# Inequality proof help

1. Oct 5, 2013

### synkk

Using only the axioms of arithmetic and order, show that:

for all x,y satisfy 0≤x, 0≤y and x≤y, then x.x ≤ y.y

I'm really lost on where to start, my attempt so far was this

as 0 <= x and 0 <= y, we have 0 <= xy from axiom (for all x,y,z x<=y and 0<=z, then x.z <=y.z). then we use the same axiom to get y.y >= 0, but not sure where to go from there

2. Oct 5, 2013

### Ray Vickson

There are several versions of the "axioms", so you need to tell us exactly what axioms you are given.

3. Oct 5, 2013

### gopher_p

Do you see how your axiom, when applied to the hypothesis that 0≤x, 0≤y and x≤y, gives you both x.x≤y.x and x.y≤y.y?

Do you see where to go from here?

4. Oct 6, 2013

### synkk

Thanks I got it from there.

How would I go about proving it the other way?
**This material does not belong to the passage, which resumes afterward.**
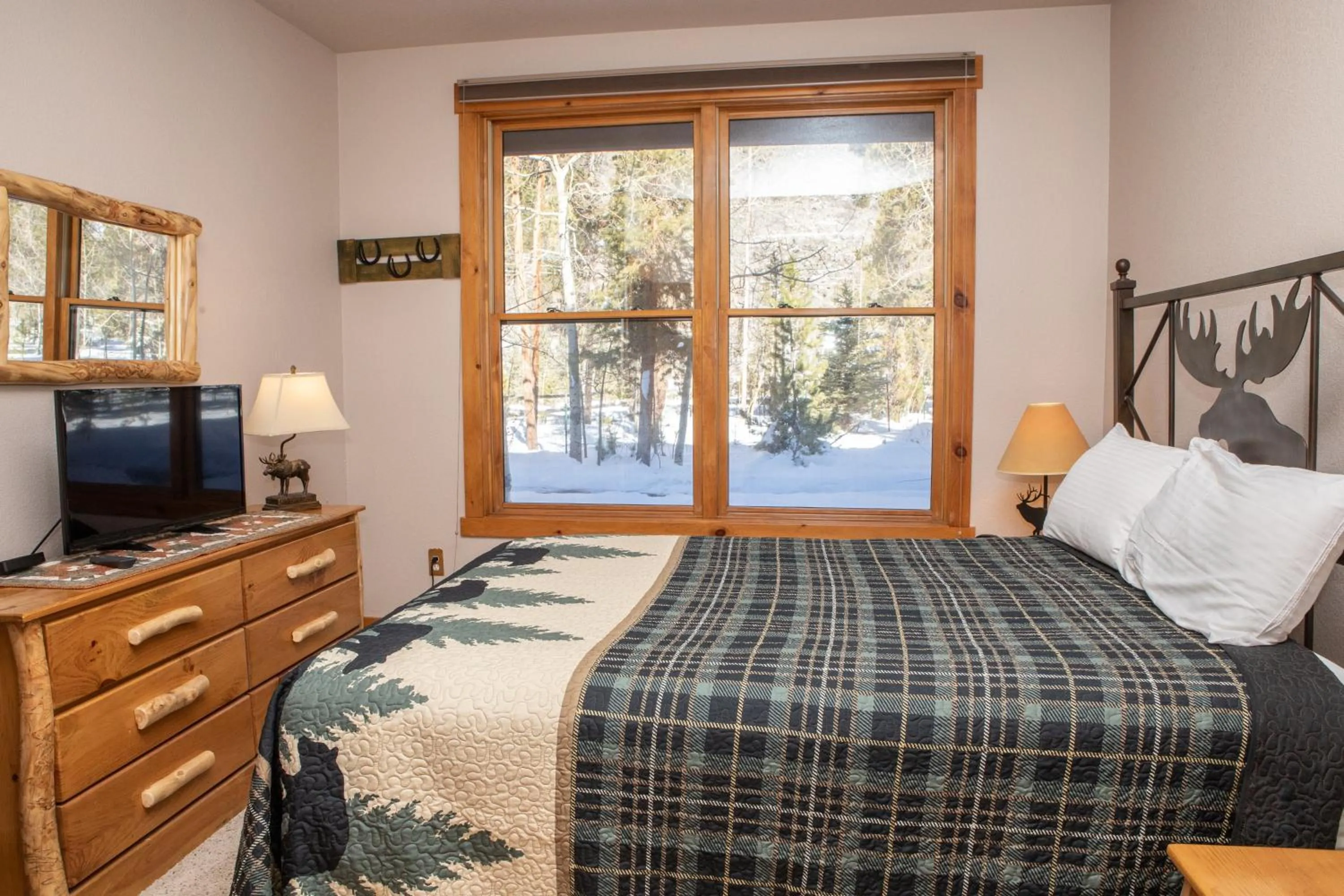 Bedroom, Bed in 8750 Trappers Crossing condo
I.e. if 0 <= x, 0 <= y, x.x <= y.y then x <= y? How would I prove that? I have gotten to (x-y).(x-y) <= 0 but not sure how to actually prove it using the axioms which are:

A1 (x+y)+z = x+(y+z)
A2 x + y = y + x
A3 x + 0 = x for all x
A3 x + (-x) = 0
A5 x.(y.z) = (x.y).z
A6 x.y = y.x
A7 x.1 = x
A8 x.x^(-1) = 1
A9 x.(y+z) = (x.y) +(x.z)

A10 x<=y or y<=x for all x,y
A11 if x<=y and y <=x then x = y
A12 x<=y and y <=z then x<=z
A13 x<=y then x + z <= y + z
A14 x<=y and 0<=z then x.z <=y.z

5. Oct 6, 2013

### gopher_p

I think the easiest way to prove this is by contradiction.

If you want to try this, I think it'd be easier to start with $0\leq y^2-x^2=(y+x)(y-x)$.

Last edited: Oct 6, 2013